Overblog
Editer l'article Suivre ce blog Administration + Créer mon blog

TONNERRE DE ZEF

TONNERRE DE ZEF

blog d'OLIER LE BRIS, auteur des aventures d'Olivier Féas en Bretagne et en Nouvelle-France, au XVIIIe siècle.


LES COLOMBINS AU FIL DE LA PENFELD (BREST 1919)

Publié par François OLIER sur 8 Février 2020, 15:36pm

Je ne résiste pas à vous faire partager ce petit article signé "E.A." cueilli dans la Dépêche de Brest de l'année 1919 qui nous permet de nous retrouver sur les bords de Penfeld, et, en quelques lignes de nous rappeler des lieux de balades aujourd'hui disparus : la digue, la chapelle-Jésus, la gendarmerie du Goyen, etc.

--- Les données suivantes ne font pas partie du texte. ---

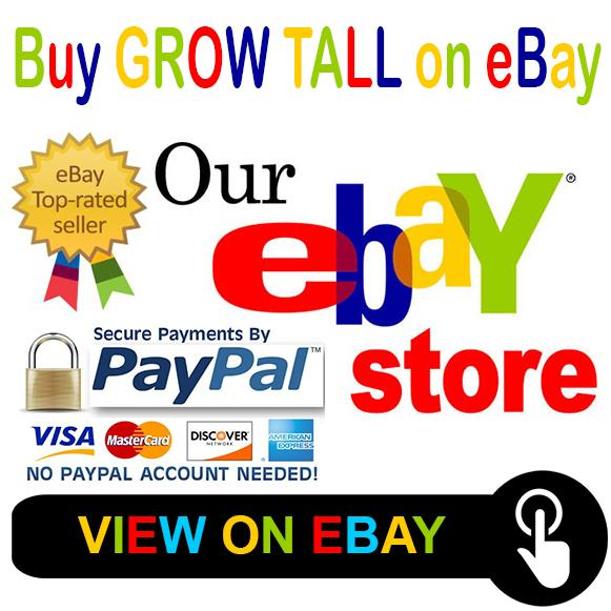 Grow-Tall-ebay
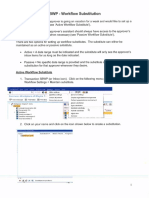 Substitute Approver Set Up.pdf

Petit clin d'oeil de l'actualité, la mention du "canot du prince de Joinville", longtemps co-locataire du "canot de l'Empereur" dans les hangars de la Digue...

 

« Au fil de l’eau…

Tous les Brestois connaissent la Digue (1). C’est l'une des plus jolies promenades des environs immédiats de notre grande cité ; aussi, nombre de nos concitoyens fréquentaient-ils, avant la guerre, les ruisseaux chantants et les frais ombrages de la chapelle Jésus. Et puis, dans l’eau claire coulant entre les rives verdoyantes, on prenait plaisir à taquiner les beaux mulets d’argent qui tournaient en rond autour des lignes fixées à bout de gaules.

Hélas ! nous étant rendu ces jours derniers à l’établissement des pupilles de la marine (2), nous avons eu le regret de voir qu'un grand nombre des beaux arbres de la rive droite de la Penfeld étaient tombés sous la cognée des bûcherons. Un sabotier s’est même établi dans l’ancienne chapelle (3), toute couverte de lierre, et un gros chien, faisant voir des crocs terribles, interdit l’entrée de ce lieu ravissant.

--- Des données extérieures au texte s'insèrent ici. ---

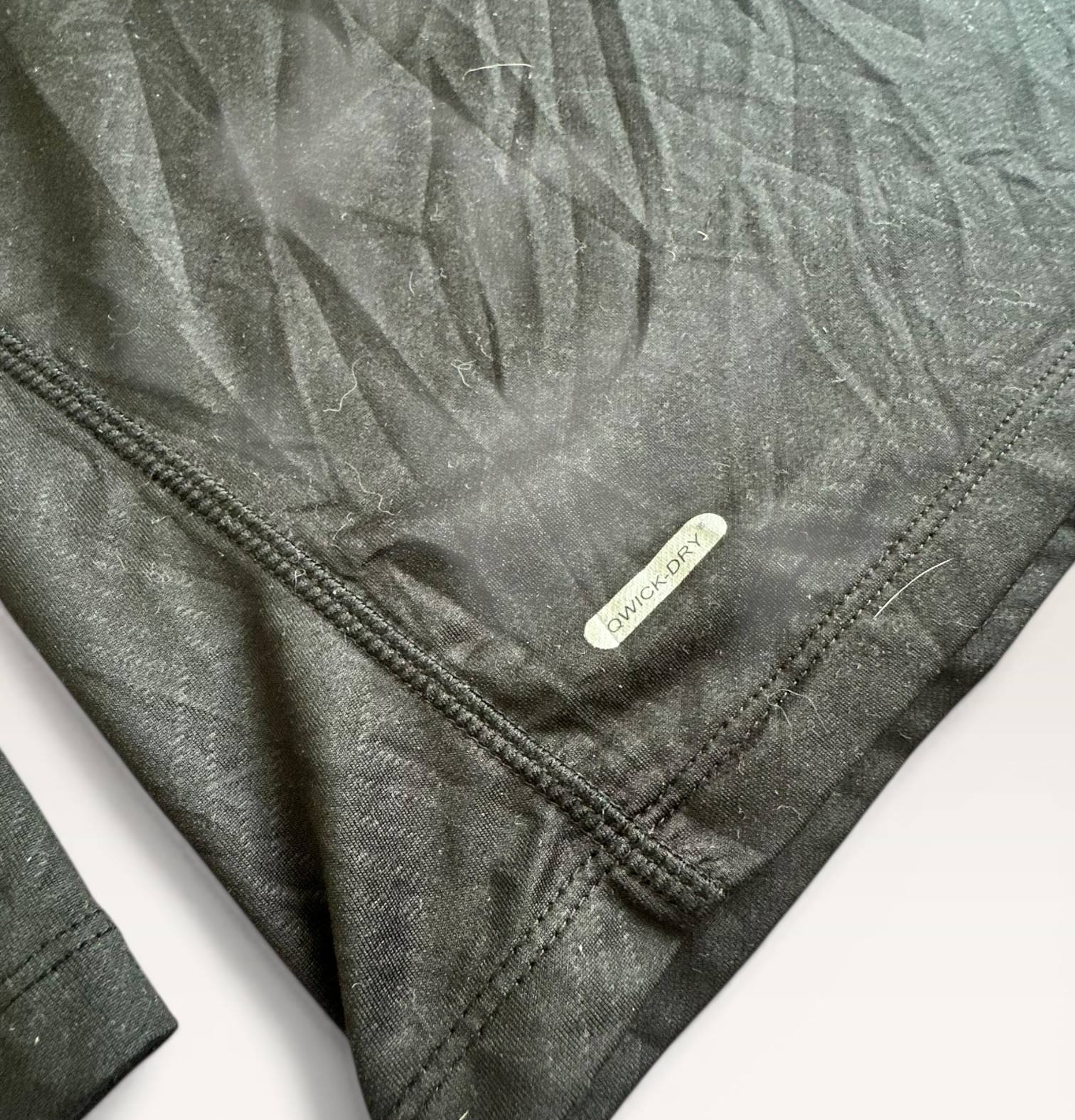 Primera capa manga larga 2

Et puis, ce n’est pas tout. La Penfeld jolie charrie maintenant des... des... C’est bien cela ; c’en est. Et il ne s’agit pas, vous entendez bien, de quelques « sentinelles » se pavanant çà et là au fil de l’eau, mais d’une longue théorie de matières innommables qui, poussées par le courant, viennent se masser devant le barrage établi près du pont de la Digue.

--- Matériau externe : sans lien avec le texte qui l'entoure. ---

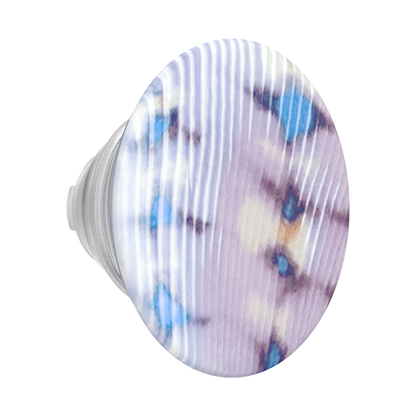 Ridged Tie-Dye — MagSafe PopGrip - US 85885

L’état de ce bras de... mer est tel que M. le chef d’état-major du préfet maritime, qui emprunte généralement cette voie pour se rendre, en vedette, à la distribution des Prix des pupilles, a préféré samedi, subir les cahots de la vieille berline tirée par les deux postiers bretons de la Villeneuve.

Or, dans l'anse située près de la gendarmerie du Goyen (4), où pénètre l’eau immonde, chargée de bacilles de toutes sortes, des jeunes filles baignaient, ce jour-là, leurs charmes.

Plus loin, l'onde était d’une limpidité parfaite ; mais un écriteau indiquait qu’il était défendu de faire la trempette à cet endroit. N’ayant pas le choix, les nymphes, voulant à tout prix combattre les effets de la chaleur, s’étaient plongées dons le bouillon de culture. Que Dieu les protège.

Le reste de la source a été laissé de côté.